■ Directions for this task ■
Reproduce the data below exactly. Skip the pictures.

■ Raw data ■
——————

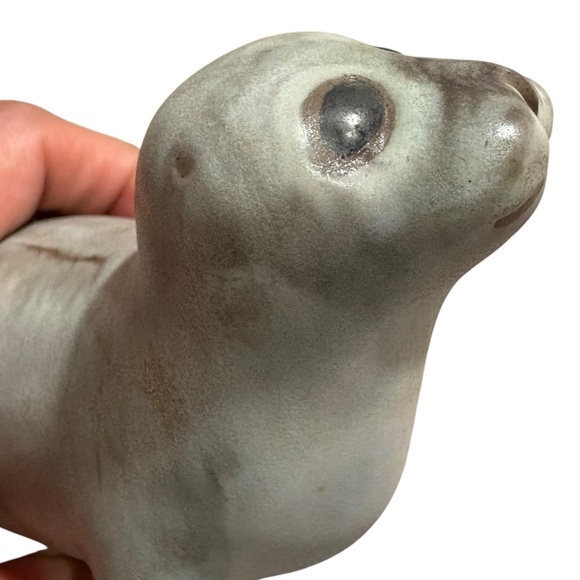 Vintage Andersen Design Studio Pottery Baby Seal Pup Gray Matte Sculpture Signed - Picture 7 of 13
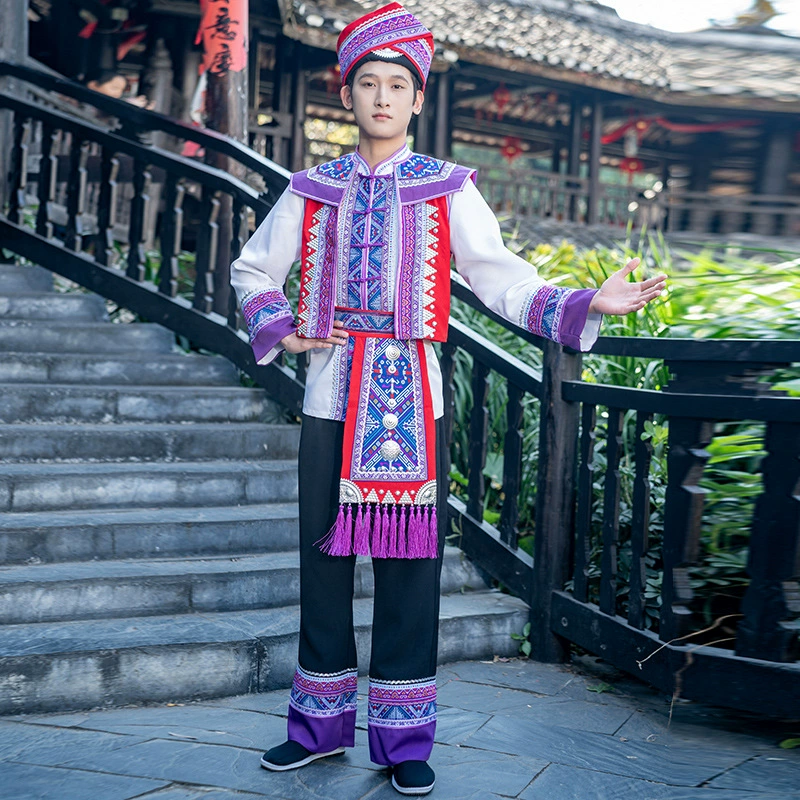 Новая одежда Гуанси-Чжуан 3 марта Вышитая одежда для взрослых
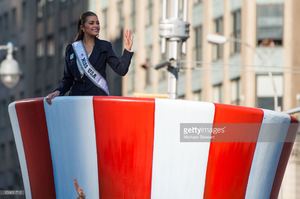 miss-usa-2012-olivia-culpo-attends-the-86th-annual-macys-thanksgiving-picture-id156831712.jpg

——————

■ Written answer ■
 Vintage Andersen Design Studio Pottery Baby Seal Pup Gray Matte Sculpture Signed - Picture 7 of 13
 Новая одежда Гуанси-Чжуан 3 марта Вышитая одежда для взрослых
 miss-usa-2012-olivia-culpo-attends-the-86th-annual-macys-thanksgiving-picture-id156831712.jpg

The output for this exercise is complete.